◆ BRIEF
Reproduce the entries below exactly, but only from the line containing "De Modulelcd van" to the line containing "Kommen die 12.500 € in den Jackpot? Kommen", inclusive.

◆ EXERCISE MATERIALS
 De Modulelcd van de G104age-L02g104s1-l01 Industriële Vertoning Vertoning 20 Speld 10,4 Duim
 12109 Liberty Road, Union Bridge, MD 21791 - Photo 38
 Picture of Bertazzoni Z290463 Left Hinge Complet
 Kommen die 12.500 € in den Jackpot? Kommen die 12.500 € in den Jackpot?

--

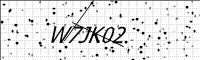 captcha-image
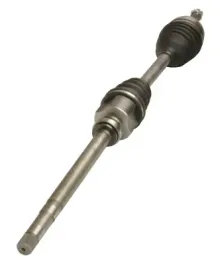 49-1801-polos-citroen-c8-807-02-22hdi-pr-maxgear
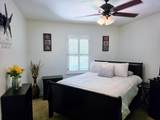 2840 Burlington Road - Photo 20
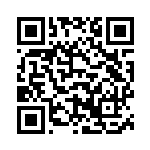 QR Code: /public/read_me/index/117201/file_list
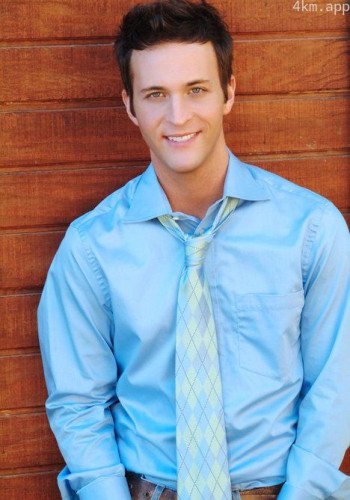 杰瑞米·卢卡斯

---

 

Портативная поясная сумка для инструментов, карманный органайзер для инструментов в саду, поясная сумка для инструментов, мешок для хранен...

◆ ANSWER AREA
 De Modulelcd van de G104age-L02g104s1-l01 Industriële Vertoning Vertoning 20 Speld 10,4 Duim
 12109 Liberty Road, Union Bridge, MD 21791 - Photo 38
 Picture of Bertazzoni Z290463 Left Hinge Complet
 Kommen die 12.500 € in den Jackpot? Kommen die 12.500 € in den Jackpot?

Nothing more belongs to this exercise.